Il y a huit jours, on lui a signifié qu'il devrait «assurer sa propre sécurité» s'il assistait à un défilé (comprenant un hommage aux «martyrs» de la cause indépendantiste sikhe) organisé par sa communauté. Depuis jeudi, il est explicitement menacé de mort.

Voyant cela, le député constate que le militantisme sikh est «plus enraciné et sophistiqué» au Canada aujourd'hui qu'à l'époque du massacre d'Air India. Qu'il est même d'une certaine façon plus puissant qu'il ne l'est au Punjab! C'est d'ailleurs un sujet qu'a récemment abordé le premier ministre indien, Manmohan Singh, avec son homologue canadien.

Certes, les communautés sikhes sont surtout présentes au Canada anglais, bien que nous ayons vécu au Québec la saga du kirpan à l'école. Cependant, l'évaluation que fait Ujjal Dosanjh de la situation dépasse le cas particulier des sikhs.
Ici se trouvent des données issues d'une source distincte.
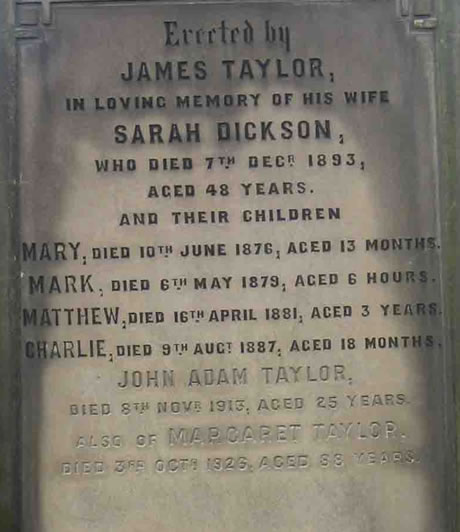 Toxtaeth Cemetery monumental inscription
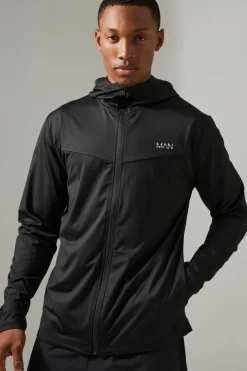 Man Active Fleece Back Performance Slim Fit Zip Through Hoodie
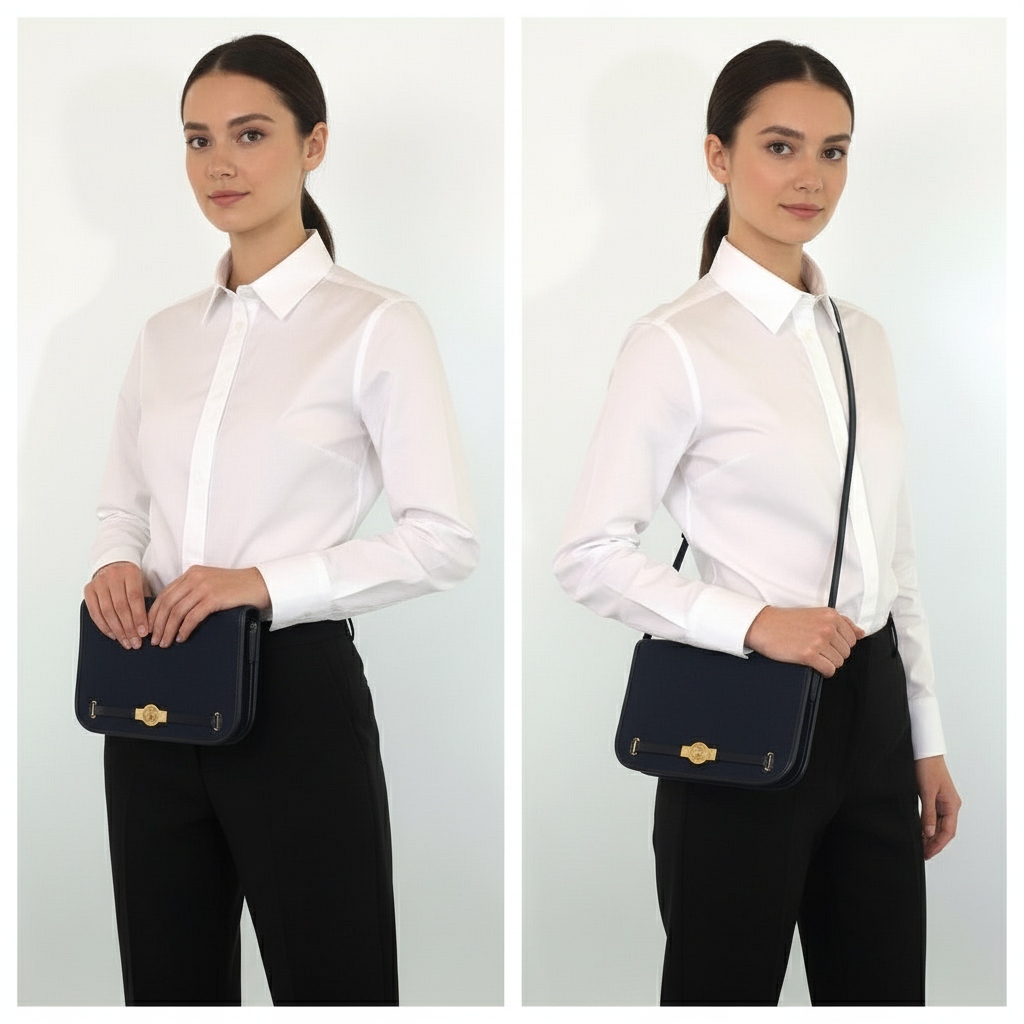 Christian Dior Trotter Canvas navy Gold Metal by John Galliano Era – 100% Authentic ✨ Very Good Pre-Owned Condition ~ 24% off MSRP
La rectitude politique et le multiculturalisme, dit-il, permettent à divers extrémismes de prospérer au sein, non seulement de la communauté sikhe, mais aussi d'autres groupes ethniques ou religieux.
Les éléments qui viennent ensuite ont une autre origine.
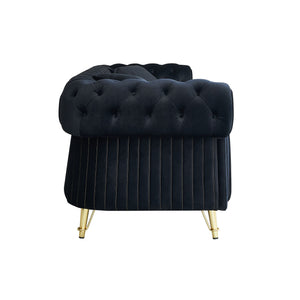 English Elm 89''W Chesterfield Modern Tufted Velvet Sofa with Pocket Springs, Gold Trim & Removable Cushions Black W579S00038
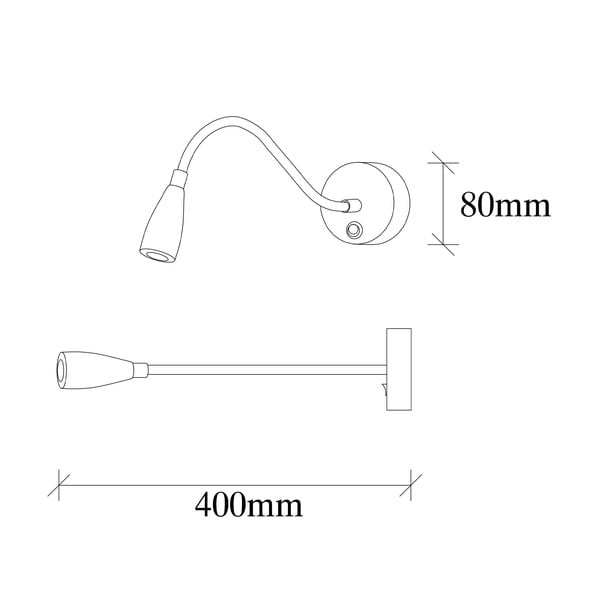 Črna LED stenska svetilka Reading – Opviq lights-image-4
«Le concept de multiculturalisme a été complètement déformé pour en venir à signifier que n'importe qui peut adopter n'importe quelle croyance, même ridicule ou outrageante, et qu'il faut accepter cela au nom de la diversité!» constate Dosanjh. Il ajoute que cette quête multiculturelle «conduit à exacerber les différences» sans proposer «l'adhésion aux valeurs communes» (tiré d'entrevues données à la CBC, au Globe and Mail et au National Post).

Le député n'est pas le premier à constater ce fait.

Mais ce discours ne porte pas, même venant d'un membre d'une communauté culturelle qui sait de quoi il parle, parce que le poids conjugué du dogme d'État et de la rectitude politique empêchent de l'entendre. La même forme de surdité accueille, au Québec, les mises en garde faites par des musulmans - en fait, surtout des musulmanes - qui ont subi l'intégrisme et supplient leur société d'accueil de ne pas le prendre à la légère.

C'est un contexte dans lequel le principe de précaution, valide en tout autre domaine, ne semble pas s'appliquer.